Introduction

Investigating the spatial variability of soil properties in the cultivated fields is an essential tool for the proper handling of agricultural lands. Spatial variability is a complex interaction between geology, topography, climate and land use, and it may also be resulted by the interaction of soil use and handling strategies. These variables are significant parts of accurate agricultural arguments and topics concerning large-scale agricultural handling and planning (Dharumarajan et al. 2017; Ebrahimzadeh et al. 2021).

Different soil variables such as pH, salinity, available potassium, CaCO3, and soil texture can directly and indirectly affect soil productivity and the subsequent handling of agricultural lands (Shit et al. 2016; Yusuf et al. 2020). Such variables are highly variable in time and space affecting crop production (Bogunovic et al. 2017). Soil variables including the fractions of soil texture (sand silt, and clay) are also highly variable in the field affecting the spatial distribution of soil variables in the field. Understanding spatial variability and precisely mapping soil variables are particularly important and beneficial for a more efficient handling of agricultural fields. This may result in a more precise field fertilization, food production and environmental pollution control, as the essential components of sustainable agriculture (Zhou et al. 2020; Li et al. 2021).

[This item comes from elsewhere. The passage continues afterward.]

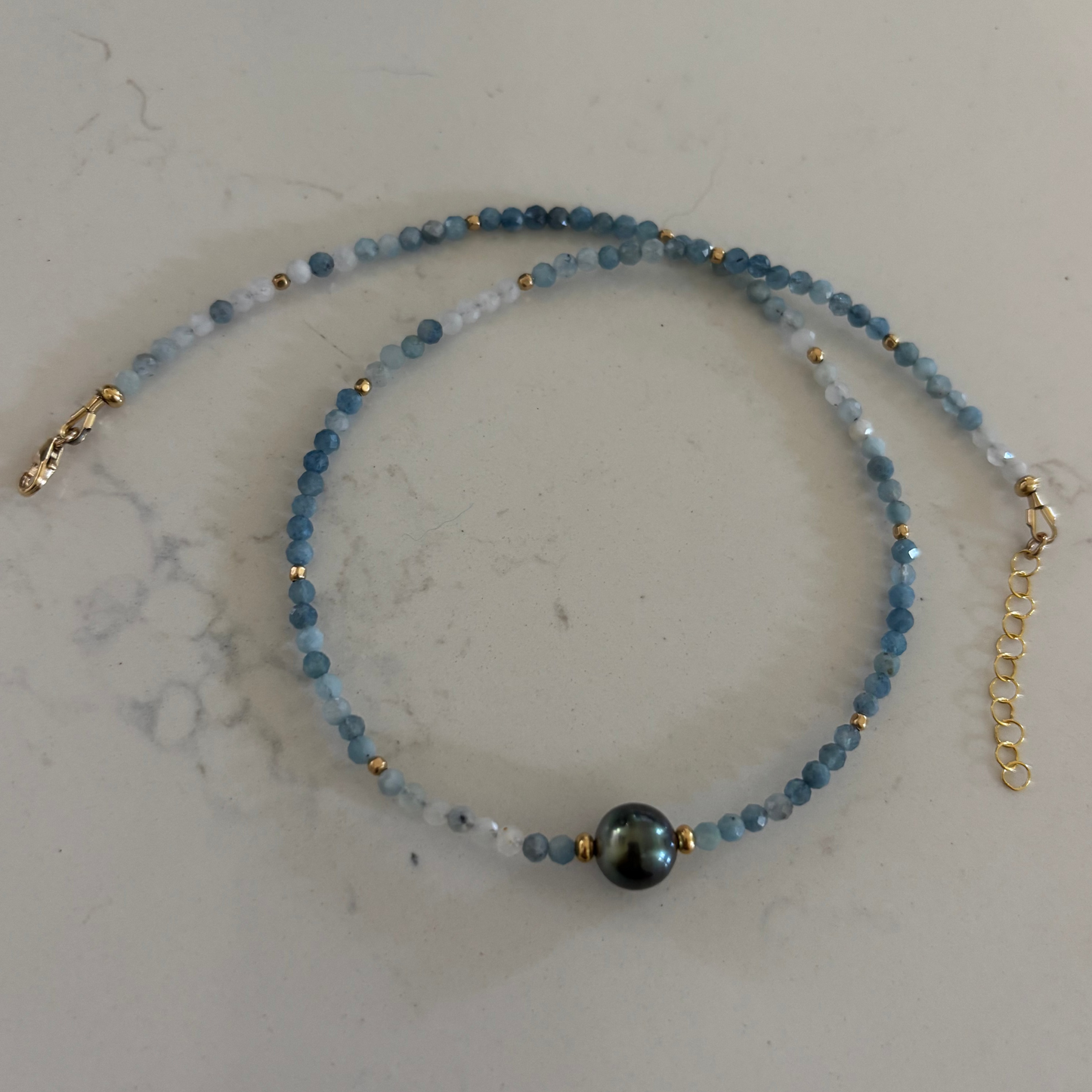 Tahitian Pearl Aquamarine Necklace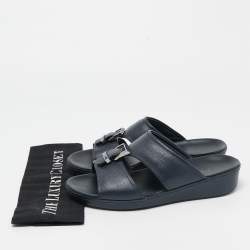 Prada Navy Blue Saffiano Leather Slides Size 40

Spatial interpolation is an effective method for quantifying the spatial distribution of soil properties. Such analyses are required to indicate the patterns and processes of soil spatial variation that is the combined effect of soil chemical and physical processes, managed at various spatiotemporal scales, combined with anthropogenic activities (Chen et al. 2017). Different interpolation methods such as radial basis function (RBF) and ordinary kriging (OK) have been used for the prediction of soil properties of agricultural fields affected by spatial variability. Research has indicated the use of RBF interpolation technique for predicting the spatial variability of soil parameters including soil organic carbon (Danesh et al. 2022). Compared with several other interpolation methods, the kriging method consists of inverse distance, which indicates they are less sensitive to data variation than inverse distance weighting (IDW) (Bhunia et al. 2018; Xie et al. 2020).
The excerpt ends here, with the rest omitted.